Egyptians voted on Wednesday in the second round of a parliamentary election, part of a lengthy transition to civilian rule after generals took charge following Hosni Mubarak’s removal from office in February.
Below are some questions and answers about how voting works and what is at stake:
How many seats?
The staggered vote that started on Nov. 28 is to fill 498 seats in the lower house. The last run-off vote will take place on Jan. 11. The military council will appoint 10 more deputies. Voting for 180 seats in the 270-strong upper house starts on Jan. 29 and ends on March 12. The holders of 90 seats will be appointed by the next president after his election.
What powers will parliament have?
The new parliament’s primary task will be to pick a 100-strong constituent assembly to write the new constitution. Only elected members of both houses will be able to pick the assembly’s members. Parliament will have legislative power but the military council that took over from Mubarak will keep its "presidential powers" until a presidential election, now expected in June 2012.
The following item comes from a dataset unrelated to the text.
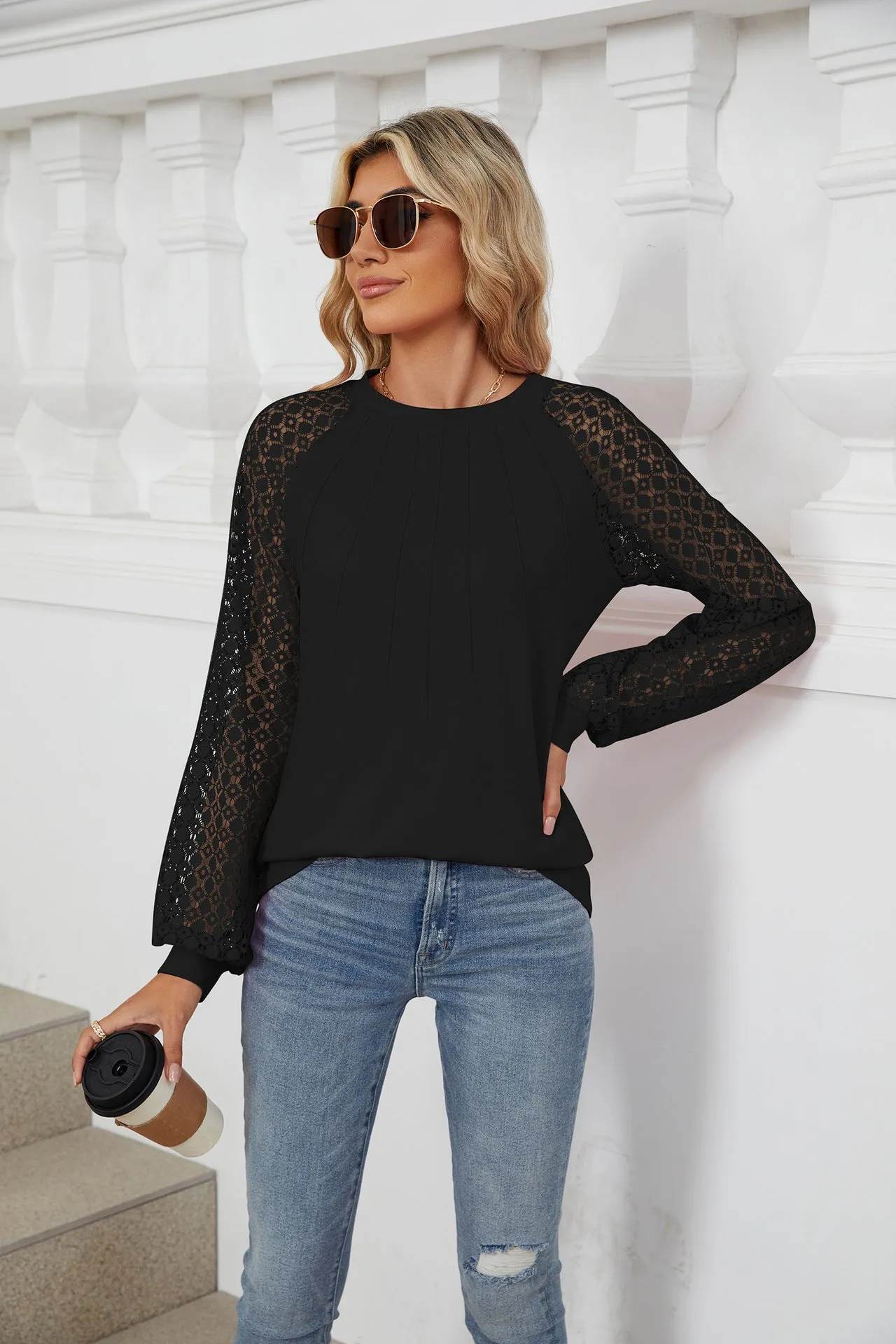 Lace Splicing Crew Neck Long Sleeve Loose T-Shirt
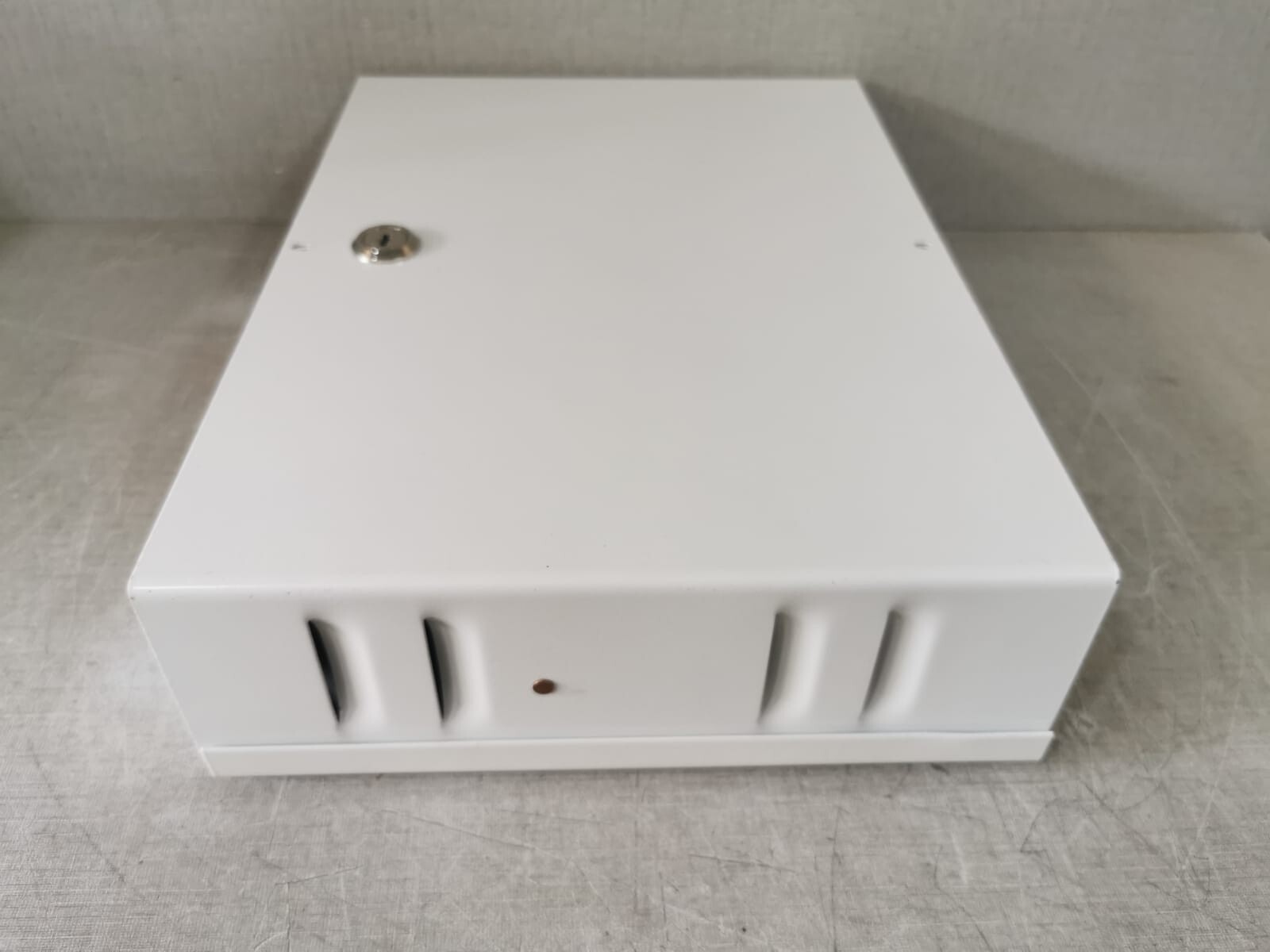 XPR EWS 2 Door Access Control Unit XPR EWS 2 Door Access Control Unit with Metal Enclosure UH2-PS2 Power Supply 10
The military council will still appoint the government until mid-2012, but is likely to face pressure from parliament to ensure it reflects the mix of the newly elected assembly.
Who can vote, who will supervise?
Egypt has 50 million eligible voters among its more than 80 million people. The minimum voting age is 18. Police and military officers are not allowed to vote.
Voting is staggered to ensure judges supervise each phase. In the lower house, polling stations will open for two days for both the first round of each vote and any run-offs.
Judges were sidelined in the 2010 parliamentary election under Mubarak, which rights groups said was heavily rigged.
Monitors said voting in the first round was mostly orderly and fair but a court annulled results for one Cairo district and the elections committee has promised a re-run there in January.
How will voting work?
For its first free vote in decades, Egypt has chosen a complex system. Two-thirds of the 498 lower house seats will be picked by proportional representation, using lists drawn up by parties or alliances. Each list must include at least one woman candidate and adopt a specific symbol to help the illiterate. Seats will be allocated proportionally based on a party’s showing in each of 46 districts.
The remaining third, or 166 seats, in the lower house are open to individuals, who may or may not have party affiliations, two from each of 83 districts.
Of the individual candidates, half must be "professionals" and the rest "workers" or "farmers," categories that hark back to President Gamal Abdel Nasser’s redistributive socialist policies in the 1950s and 1960s. Qualifying rules exist, though the distinctions have little relevance.
The system does complicate voting procedures.
A winner must achieve more than 50 percent of the votes in a district or face a run-off. If a professional wins one seat, the second seat must go to a farmer or worker, although both seats can go to farmers and workers.
The voting procedures apply to the upper house, too.
How does it compare to before?
Under Egypt’s voting system in the 1990s and 2000s, seats were contested by a two-round system in two-member districts, and 10 were appointed by the president.
Now the constituencies have been expanded and the system reshaped in a way intended to provide a fair representation of parties, movements and ideologies, as well as new groups.
For the upper house, there will be 30 two-member individual districts and 30 party list districts.
When will results be announced?
The committee supervising the election is announcing results after each round. But the final tally of seats for party lists will only be clear after the final round. Each party list has to secure more than half a percent of the vote nationwide to ensure they are represented.
Parties, who are allowed to have representatives monitoring the vote count, have also been giving early indications of their performance. So far those have proved broadly accurate.
For the seats allocated to individuals, the election committee has promised to announce results the day after each round of elections is over. But the number of candidates means many of the seats go to a run-off.
What is the picture so far?
Islamist party lists have so far secured about two-thirds of the valid votes cast, better than many analysts had expected. But Islamists are not a united force and include ultra-conservative Salafis, the well-established Muslim Brotherhood’s Freedom and Justice Party (FJP) and the moderate Wasat Party.
The FJP, whose list has secured about 37 percent of the votes for lists in the first round, may shun an alliance with Salafis and side with more moderate or liberal forces to form a majority in parliament.
The best performing liberal coalition, the Egyptian Bloc, secured about 13 percent of the votes for lists.